Alexa
  • Directory of Taiwan

EU official urges Taiwan to beef up its defenses

Georg Jarzembowski, Chief of the Taiwan Friednship Group withing the European Parliament,talks to the press in an interview, April 30, 2007.

Georg Jarzembowski, Chief of the Taiwan Friednship Group withing the European Parliament,talks to the press in an interview, April 30, 2007.

A European parliamentarian urged Taiwan yesterday to bolster its defense capabilities while acknowledging that the EU would not intervene militarily should China attempt to take Taiwan by force because it would be outside Europe's regional security responsibility.
Dr.
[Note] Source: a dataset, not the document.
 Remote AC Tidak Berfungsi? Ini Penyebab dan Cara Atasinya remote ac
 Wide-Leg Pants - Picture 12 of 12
Georg Jarzembowski, the head of the Taiwan Friendship Group of the European Parliament, said Taiwan needed to act in procuring weapons to defend itself to be taken seriously on security issues in the rest of the world.
"If the people of Taiwan feel threatened by 900 missiles across the Straits, people from the outside would say what are the Taiwanese doing to defend themselves," Jarzembowski said. "Then you would wonder how long it takes until the (Taiwan's) parliament takes a decision on these questions."
Regardless of Taiwan's actions, however, Europe would only offer political support if a conflict were to break out, because the security of the Far East region, especially Taiwan, was the responsibility of the United States and Japan, Jarzembowski contended.
"Our (Europe's) forces are already overstretched with the war in Afghanistan. Based on principle of regional responsibility, the question of Taiwan's security should be addressed to the U.S. and Japan," he said. He stressed, however, that he saw no danger in the region because China will most likely "behave carefully with sensitivity" before the 2008 Beijing Olympic Games.
Jarzembowski, who is making his 10th visit to Taiwan, has been an outspoken advocate on behalf of Taiwan in the European Parliament on several issues, including its national security in the face of China's growing military threat and the island's repeated efforts to enter the World Health Organization.
Speaking to a small group of reporters, he reiterated his support for Taiwan's WHO bid. While admittance to the WHO was not likely in the near future, Taiwan should continue to "raise the flag" on the issue to highlight its sovereignty and its right to be admitted into the health body.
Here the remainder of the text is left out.